Puis, en déplacement à Nice, dans la journée, il a enfilé le costume de «père de l'Europe» et fait de l'échéance de dimanche «une affaire de guerre et de paix», comme le raconte sur son blog le journaliste du Monde, Arnaud LeparmentierEvoquant la«réconciliation franco-allemande», «un choix que nul ne doit remettre en cause», le président a estimé que «la France seule ne résistera pas». «Laisser détruire l'euro, c'est prendre le risque de détruire l'Europe» et celui de faire resurgir des «conflits sur notre continent», affirme-t-il désormais, livrant sa feuille de route:«Réduire nos dépenses, réformer ce qui a besoin de l'être, investir dans la formation et l'innovation, c'est comme cela qu'on protégera les Français.»
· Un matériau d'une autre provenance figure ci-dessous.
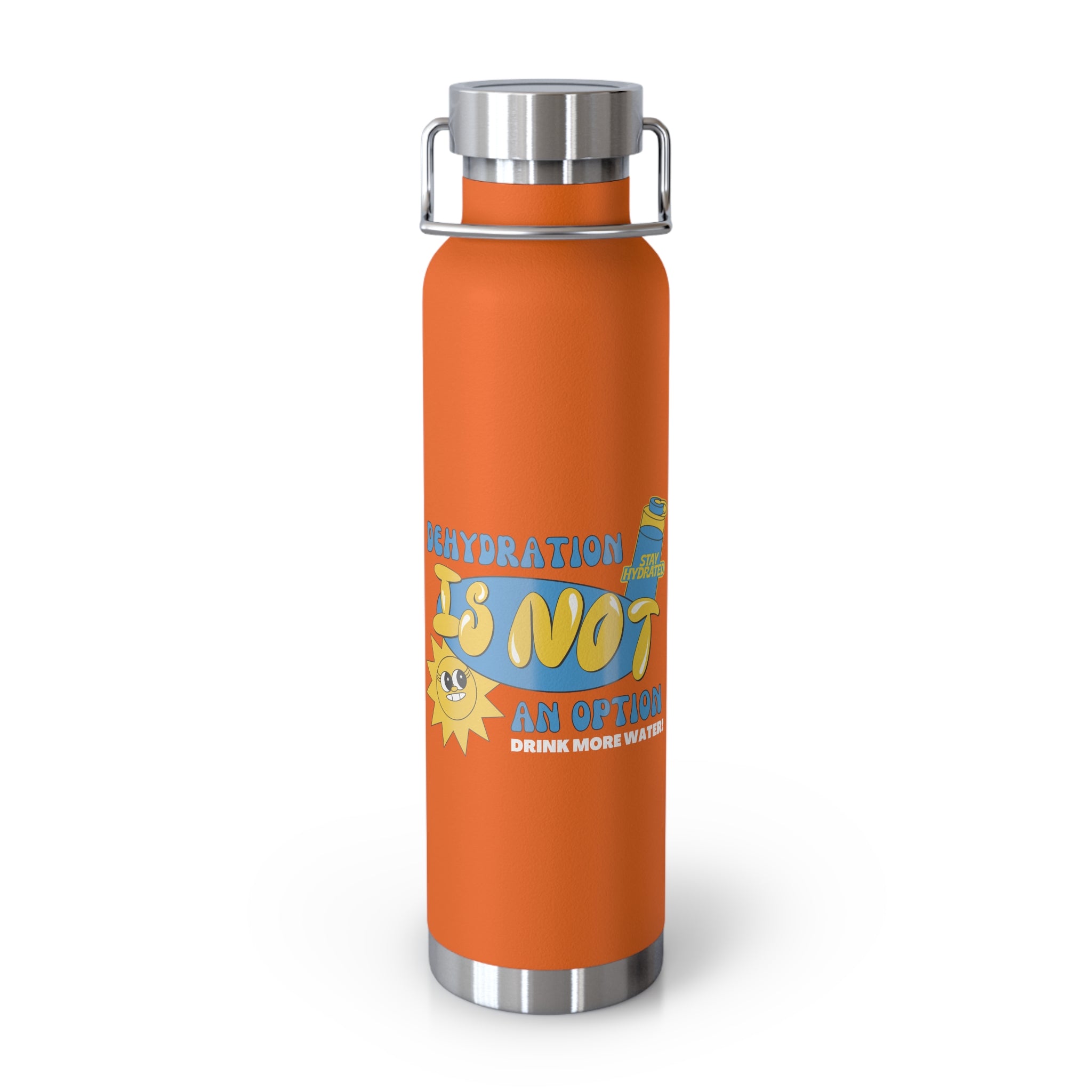 "Stay Hydrated" Copper Water Bottle, Inspirational Quote, Gift Tumbler, 22oz, Motivational Drinkware, Stainless Steel Thermos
La veille, sur France Inter, son conseiller spécial, Henri Guaino, avait commencé à distiller l'idée de l'apocalypse: «Le contexte est dramatique comme il ne l'a jamais été»; nous vivons dans «une période de crise extraordinaire dont va émerger un monde nouveau»  (voir la vidéo).

 

«Occupons-nous de la France, occupons-nous des Français, occupons-nous du monde qui va naître», a-t-il répété, car nous traversons «des crises géopolitiques», «une crise économique», «financière» et «une crise du nucléaire». Et «toutes ces crises», assure-t-il, font l'objet «d'une attention constante du président de la République». «Il faut protéger les Français», ont également martelé les responsables UMP lors de la convention dédiée au démontage du PS.

 

Face à ce tableau sombre, François Hollande – «la gauche molle»selon l'UMP – est présenté comme incapable de résorber la crise (lire les «éléments de langage» de l'UMP). «Je ne crois pas que la modération soit une vertu dans la période que nous traversons», a dit Guaino. «La France n'a pas besoin aujourd'hui d'un magicien, mais de quelqu'un de solide et courageux qui protège les Français», a estimé Xavier Bertrand. «Il y a un temps pour le rêve, maintenant il y a un temps pour le principe de réalité», a dit François Fillon au 20 heures de France-2.